PROVIDED RECORDS |
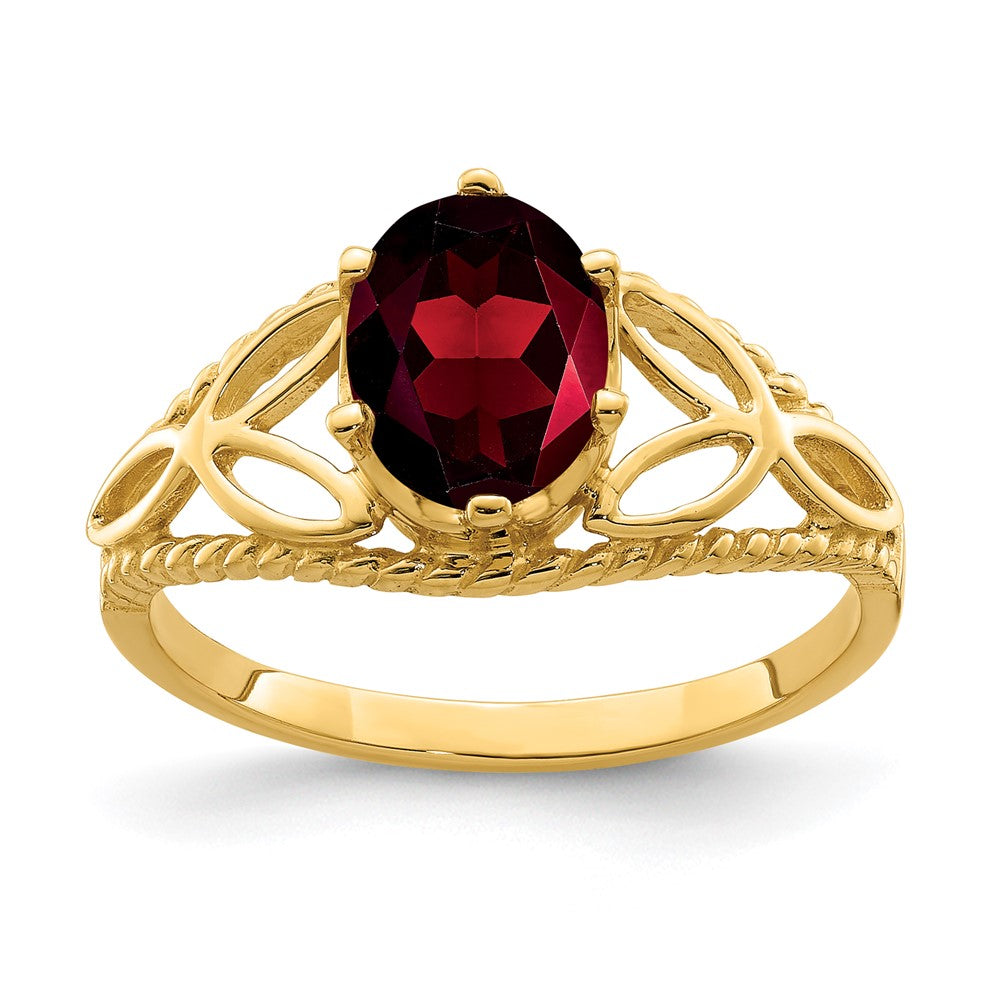 14K Yellow Gold 8x6mm Oval Garnet Checker ring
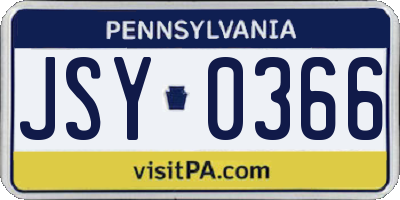 PA license plate JSY0366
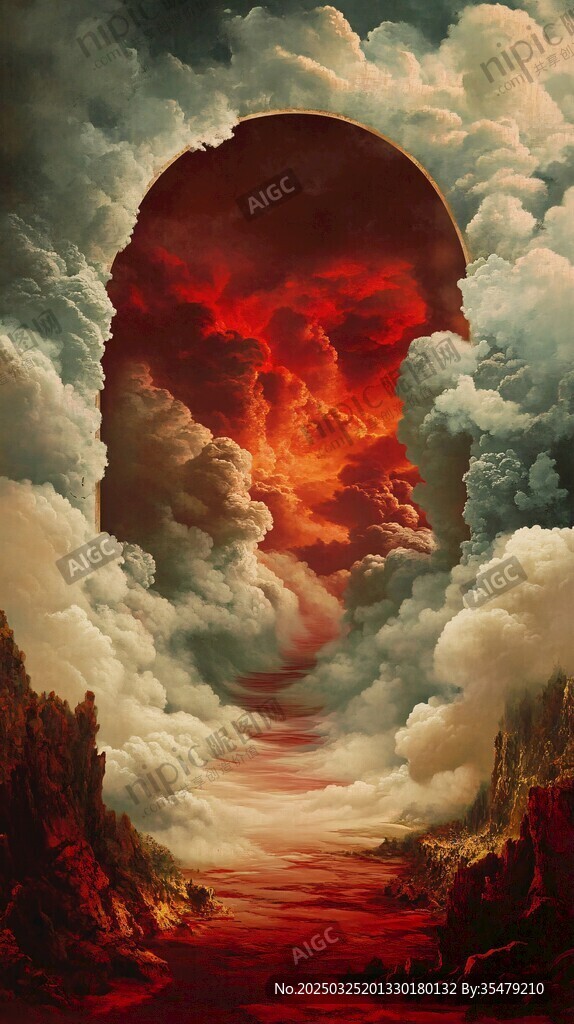 夢幻云海中的奇幻紅色空間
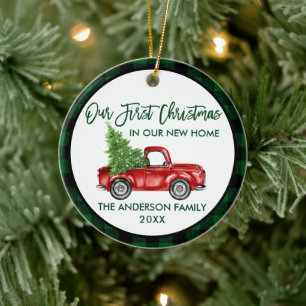 Erstes Weihnachten Neues Zuhause LKW Grün Kariert Keramik Ornament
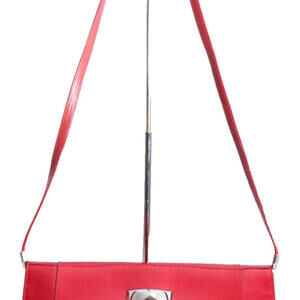 Stuart Weitzman Women's Medium Bright Red Patent Leather Crossbody Handbag Purse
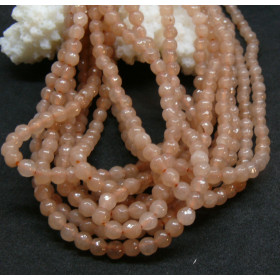 Perles rondes Agate Facettées 3 mm Vieux Rose Coloris 35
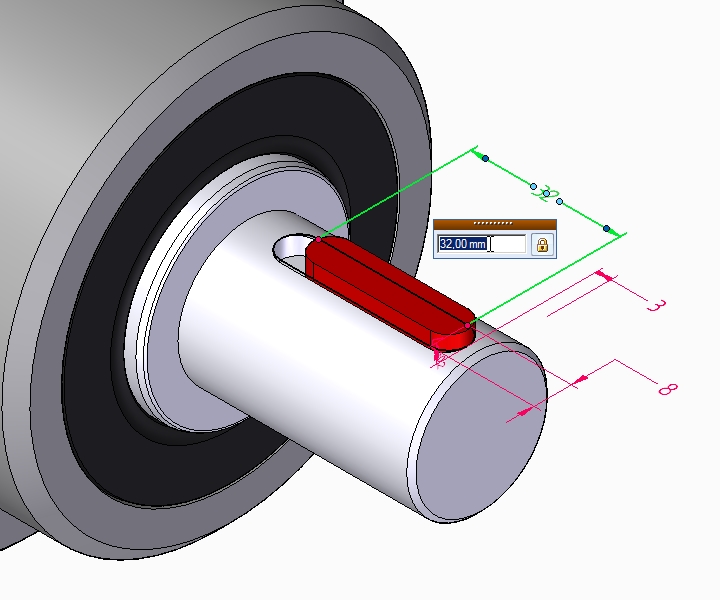 Solid Edge Formelement dynamisch bearbeiten 32mm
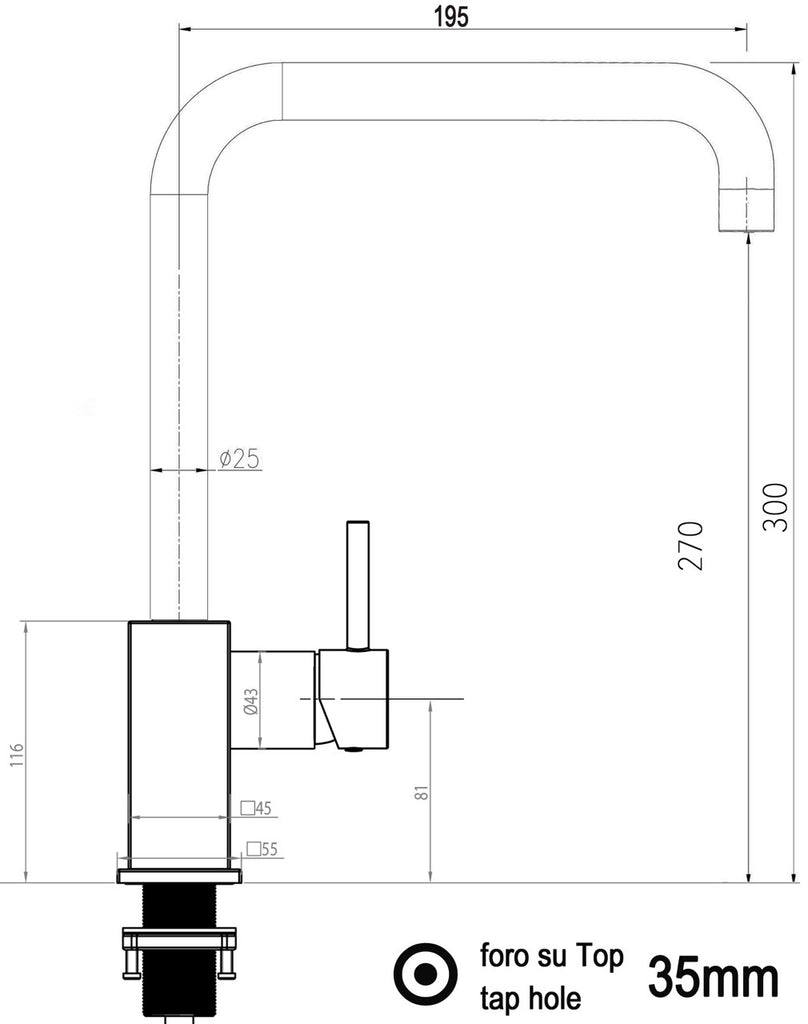 Kitchen Tap, Single lever, QU, with 360° swivel N-Spout, Chrome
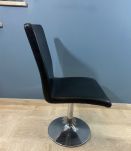 Chaise design pied tulipe chrome et skaï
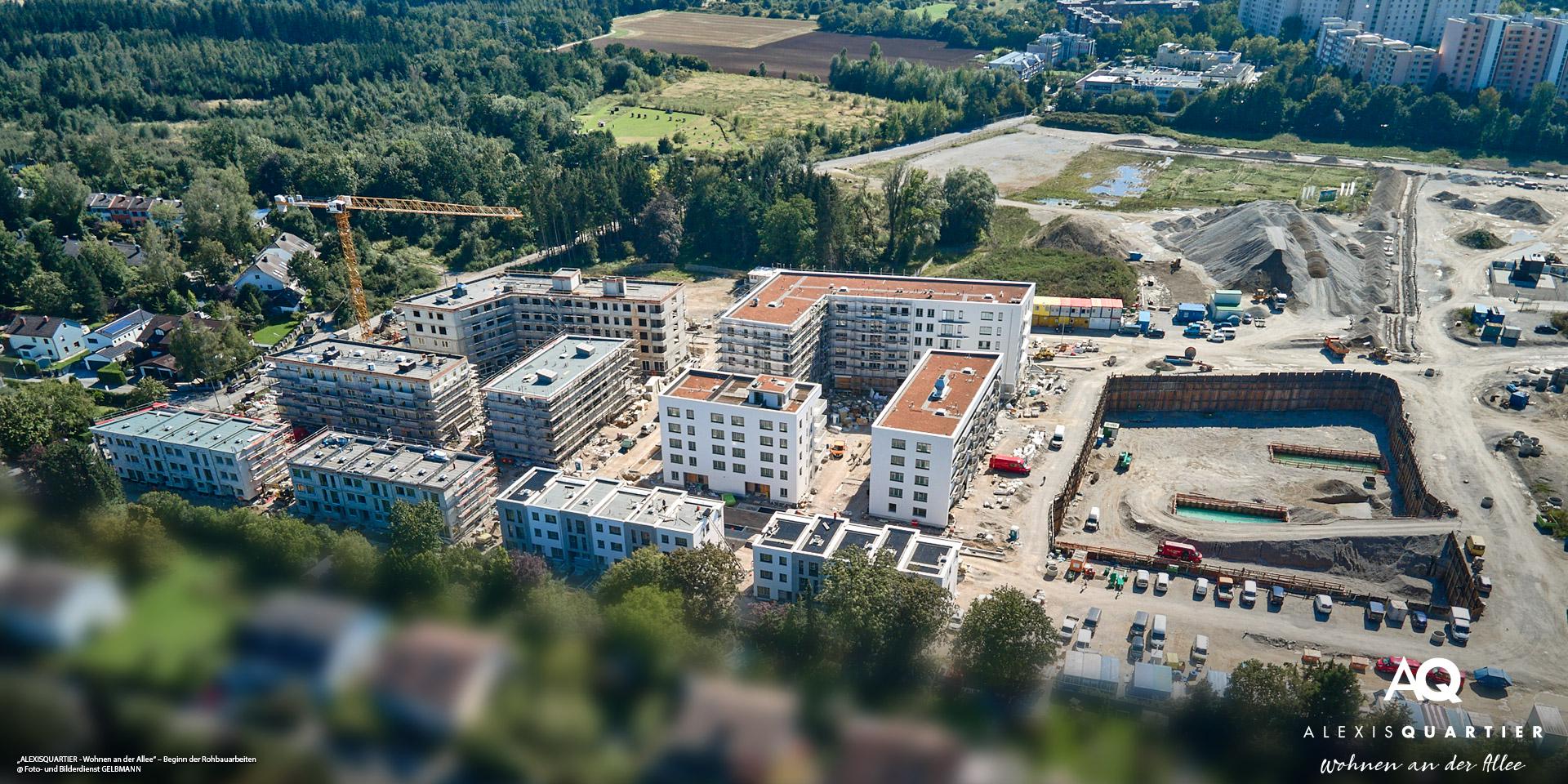 „ALEXISQUARTIER – Wohnen an der Allee“ in München-Perlach: Beginn der Rohbauarbeiten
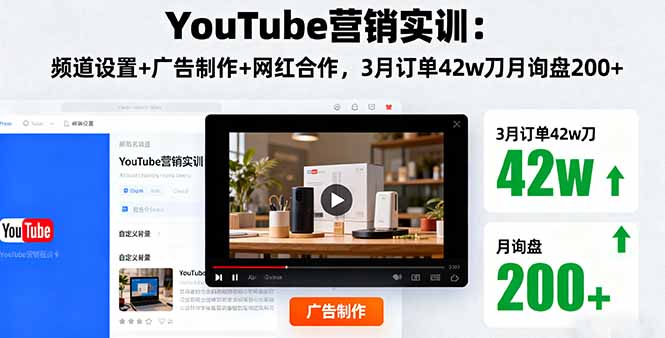 图片[1]-YouTube营销实训：频道设置+广告制作+网红合作，3月订单42W刀月询盘200+-天边资源网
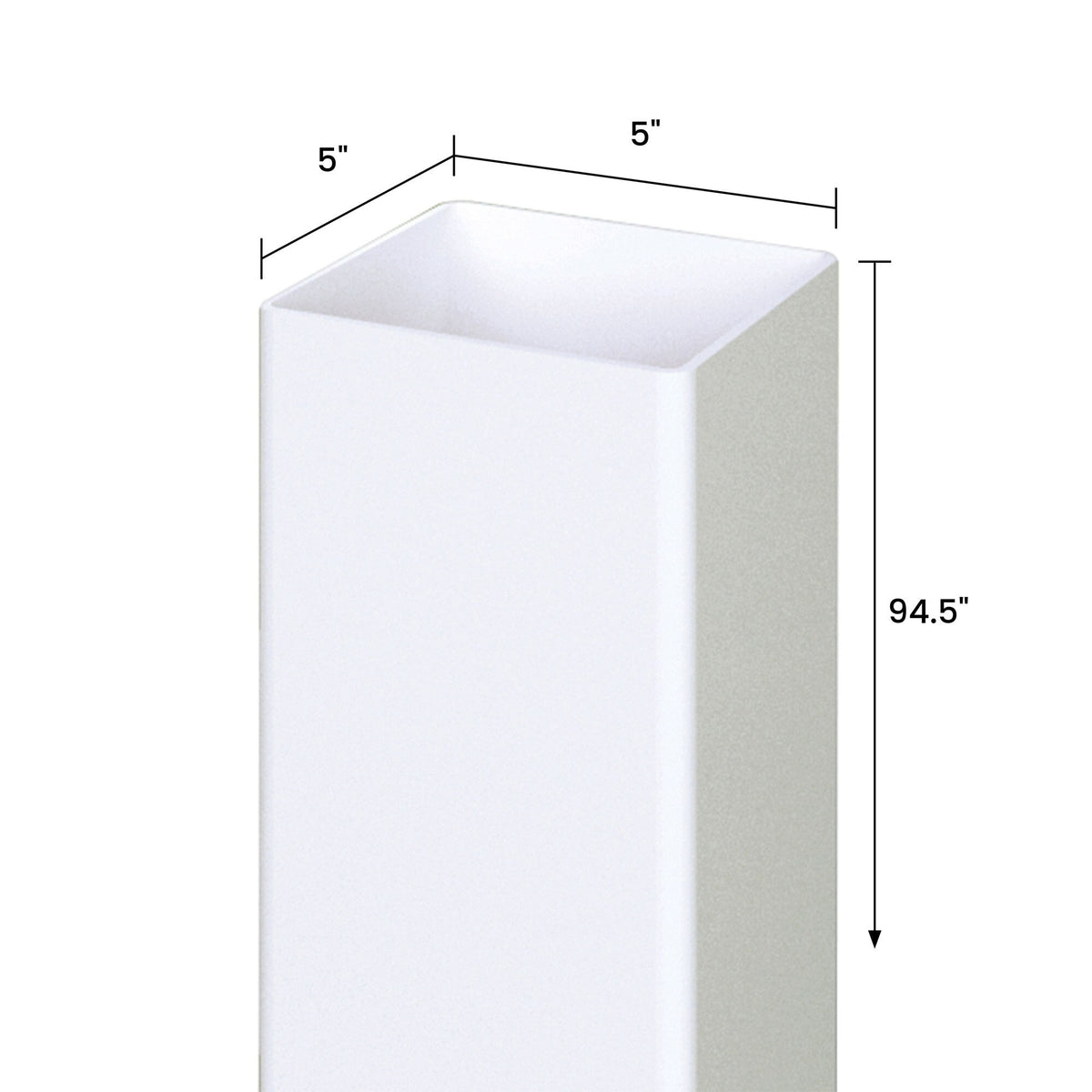 Outdoor Essentials PicketLock 8-ft H x 5-in W White Vinyl Blank Fence Post (Unassembled)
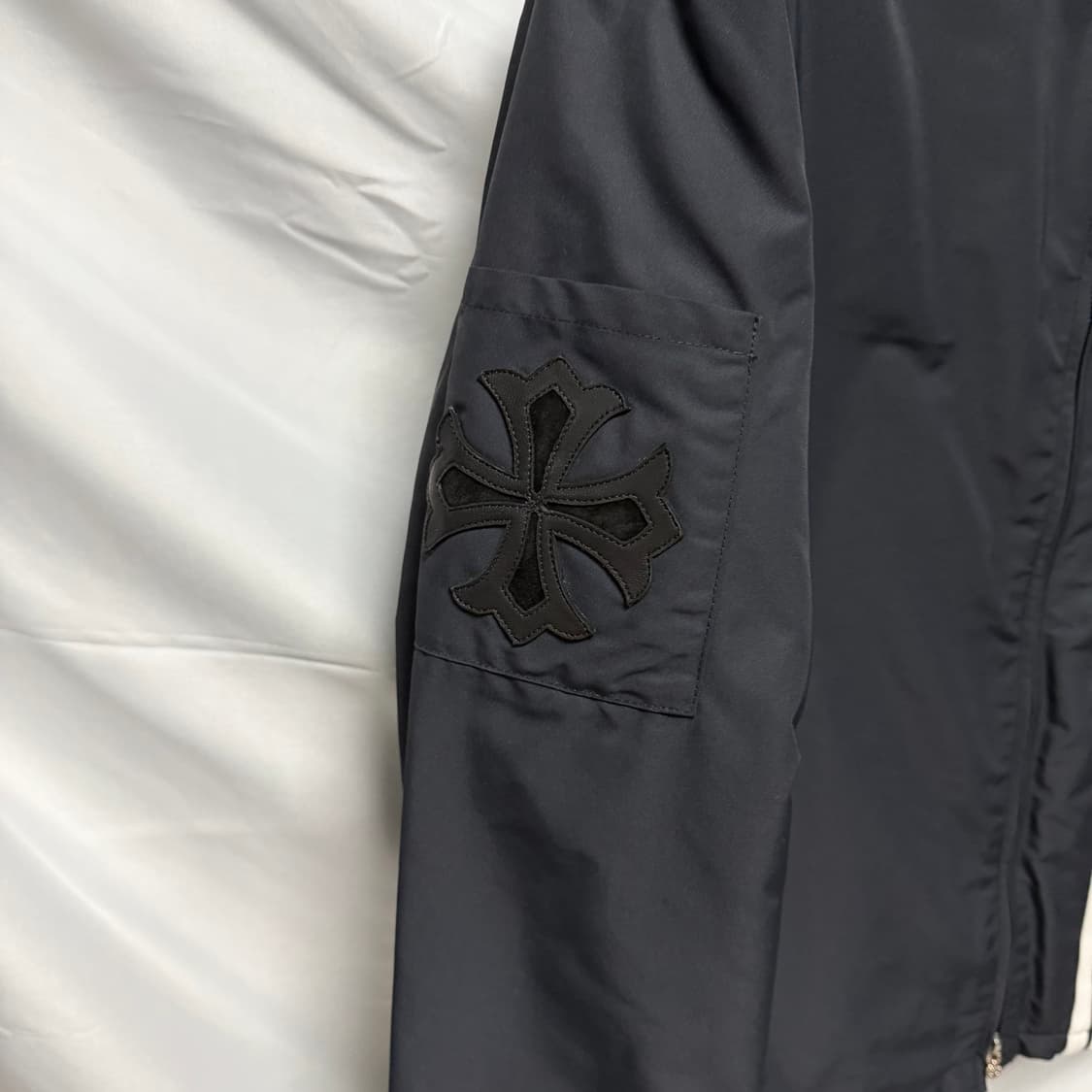 1250판매/S+급 크롬하츠 트리플 크로스 레더패치 폭스퍼 퍼자켓 상품이미지6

DESCRIPTION OF THE TASK | Your answer must be the lines from the line containing "图片[1]-YouTube营" through the final line of the data, written out exactly, both ends included and pictures left out.

OUTPUT FOR THIS EXERCISE |
 图片[1]-YouTube营销实训：频道设置+广告制作+网红合作，3月订单42W刀月询盘200+-天边资源网
 Outdoor Essentials PicketLock 8-ft H x 5-in W White Vinyl Blank Fence Post (Unassembled)
 1250판매/S+급 크롬하츠 트리플 크로스 레더패치 폭스퍼 퍼자켓 상품이미지6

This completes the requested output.